It is further alleged in the complaint by way of conclusion, that the actions of the petitioners are such as to constitute an abuse of the power delegated to them by the legislature of the State of Illinois under the statute authorizing the detachment proceedings in question. The prayer of the complaint is that the Board of Education of District 124 be restrained from taking control of the territory detached from District 606; that the County Clerk of Tazewell County be enjoined from extending taxes levied by District 124 against the detached areas and that the election of May 14, 1953 be declared null and void.

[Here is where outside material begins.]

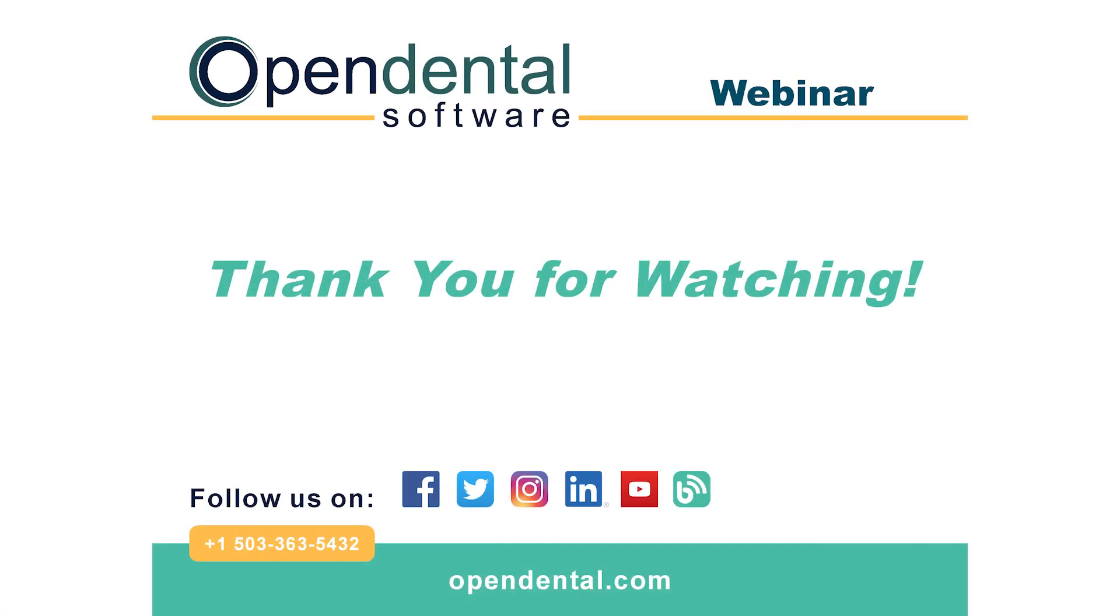Thank you for joining us for today's webinar. If you have additional questions, please contact our support line at 503-363-5432, or access our complete online manual at opendental.com. And to make sure you're staying up to date on our latest training videos, make sure you subscribe to our channel and turn on notifications.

The defendant Board of Education of District 124 moved to dismiss the complaint on the ground that equity is without jurisdiction to determine an election contest and that the legality of the annexation of territories to a school district can be tested only by quo warrantor. This motion was denied and defendants ruled to answer. The complaint was later amended to include an allegation that the description of the "upper area" was void. The cause was referred for hearing to a Master who found that the detachment proceedings were void because of constructive fraud and an insufficient description of the "upper area" and recommended the entry of the decree to which we have previously referred.

In view of the conclusion reached herein, we refrain from exploring or commenting on the evidence in the record.

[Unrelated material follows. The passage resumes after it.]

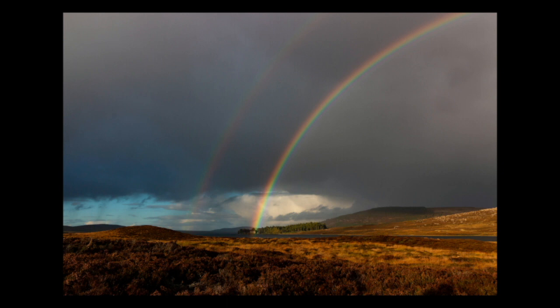When God put a rainbow in the sky after the flood, God proclaimed that God will always love us, irrespective of whatever we do or don't do.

It is contended by defendants that only political rights are involved in this proceeding and therefore equity has no jurisdiction and that since plaintiffs seek to challenge the validity of the annexation and detachment of school territory the exclusive remedy available to them was quo warrantor.

If this contention be upheld, it will be unnecessary to consider other grounds for reversal which are urged. Accordingly, we first undertake determination of the question raised by such contention.

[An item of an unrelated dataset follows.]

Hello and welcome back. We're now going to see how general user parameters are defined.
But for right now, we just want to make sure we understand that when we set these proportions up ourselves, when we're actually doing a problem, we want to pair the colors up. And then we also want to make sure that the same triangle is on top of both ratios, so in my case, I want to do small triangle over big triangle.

It is a generally well established and recognized rule in this state that the jurisdiction of a court of equity pertains only to the maintenance of civil, personal and property rights and that it has no jurisdiction over matters or questions of a political nature unless civil property rights are involved. Spies v. Byers, 287 Ill. 627; Miller v. City of Chicago, 348 Ill. 34; People v. Barrett, 203 Ill. 99; Fletcher v. Tuttle, 151 Ill. 41. With reference to that which is embraced within the terms "political rights" and "civil rights," Bouvier says:

"Political rights consist in the power to participate, directly or indirectly, in the establishment or management of government." "Civil rights are those which have no relation to the establishment, support or management of the government. These consist in the power of acquiring and enjoying property, of exercising the paternal and marital powers, and the like." (2 Bouvier's Law Dic. p. 485.)

The distinction between civil and political rights is lucidly pointed out by the court in Sheridan v. Colvin, ...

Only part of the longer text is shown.